In other words, the space industry must enlighten nations and private actors to the possibility of using private mediation to resolve disputes. Private adjudication is less formal, but it can create customs in international law. Those customs may establish a framework for codified private international laws or state laws in regard to commercial space activities and dispute resolution for incidents occurring in outer space.  

Second, nations can require commercial parties to waive national jurisdiction and agree to have various disputes arbitrated by multinational tribunals. This waiver would be incorporated into national space legislation and required for commercial space activities in outer space. Companies would be expressly bound by these tribunal rulings.

Third, spacefaring nations can establish an International Space Tribunal (IST), where private space disputes of all kinds would be adjudicated. These disputes would have to take place in outer space or beyond national air space.

The IST could establish unique rules for space legislation and evidence. Its rulings could initially construct a legal foundation, based on precedence, through interpretation of “treaties, customary international law, widely recognized principles of law, the decisions of national lower courts and scholarly writings,” which are the five sources of international law.

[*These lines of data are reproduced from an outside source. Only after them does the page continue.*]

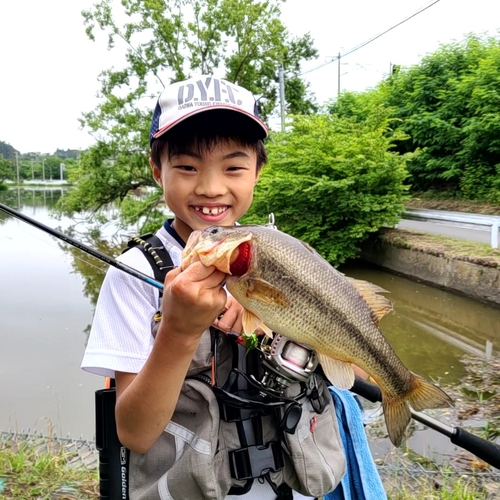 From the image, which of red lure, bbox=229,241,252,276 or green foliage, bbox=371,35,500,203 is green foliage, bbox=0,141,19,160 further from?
red lure, bbox=229,241,252,276

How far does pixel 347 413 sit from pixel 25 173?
9477cm

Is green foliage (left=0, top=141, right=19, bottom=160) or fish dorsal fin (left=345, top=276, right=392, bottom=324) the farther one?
green foliage (left=0, top=141, right=19, bottom=160)

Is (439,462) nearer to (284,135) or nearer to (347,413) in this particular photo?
(347,413)

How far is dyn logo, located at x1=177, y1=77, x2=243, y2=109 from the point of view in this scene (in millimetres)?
1625

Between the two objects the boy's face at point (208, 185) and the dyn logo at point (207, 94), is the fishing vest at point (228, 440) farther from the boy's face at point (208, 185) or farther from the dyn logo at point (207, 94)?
the dyn logo at point (207, 94)

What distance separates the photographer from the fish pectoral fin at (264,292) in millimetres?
1342

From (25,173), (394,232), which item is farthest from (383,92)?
(25,173)

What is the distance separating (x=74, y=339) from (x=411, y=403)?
755 cm

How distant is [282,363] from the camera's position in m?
1.46

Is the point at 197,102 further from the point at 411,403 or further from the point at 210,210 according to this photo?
the point at 411,403

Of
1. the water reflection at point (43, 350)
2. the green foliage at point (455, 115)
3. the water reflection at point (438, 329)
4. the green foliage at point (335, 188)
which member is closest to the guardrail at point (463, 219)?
the green foliage at point (335, 188)

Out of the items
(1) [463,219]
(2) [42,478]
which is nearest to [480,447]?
(2) [42,478]

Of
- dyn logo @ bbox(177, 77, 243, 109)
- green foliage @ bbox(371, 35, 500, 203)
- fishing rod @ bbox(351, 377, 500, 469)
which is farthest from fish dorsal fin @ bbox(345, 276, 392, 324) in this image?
green foliage @ bbox(371, 35, 500, 203)

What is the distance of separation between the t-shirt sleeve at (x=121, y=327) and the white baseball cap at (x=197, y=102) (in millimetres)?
534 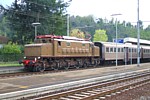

It’s inevitable that there will be disputes between private non-state actors in outer space. Unfortunately, current space legislation does not adequately accommodate dispute resolution requirements concerning these actors. It is imperative to establish a legal framework now to avoid legal mayhem and to ensure the absence of forum shopping, uniformity, predictability, and judicial efficiency.

Alexandra Dolce is a commercial law attorney in New York City, specializing in contracts and procurement. She is currently pursuing a LL.M. in space law from the University of Mississippi. Alexandra holds a bachelor’s in print journalism from Howard University, a master’s in diplomacy from Norwich University and a J.D. from Temple University.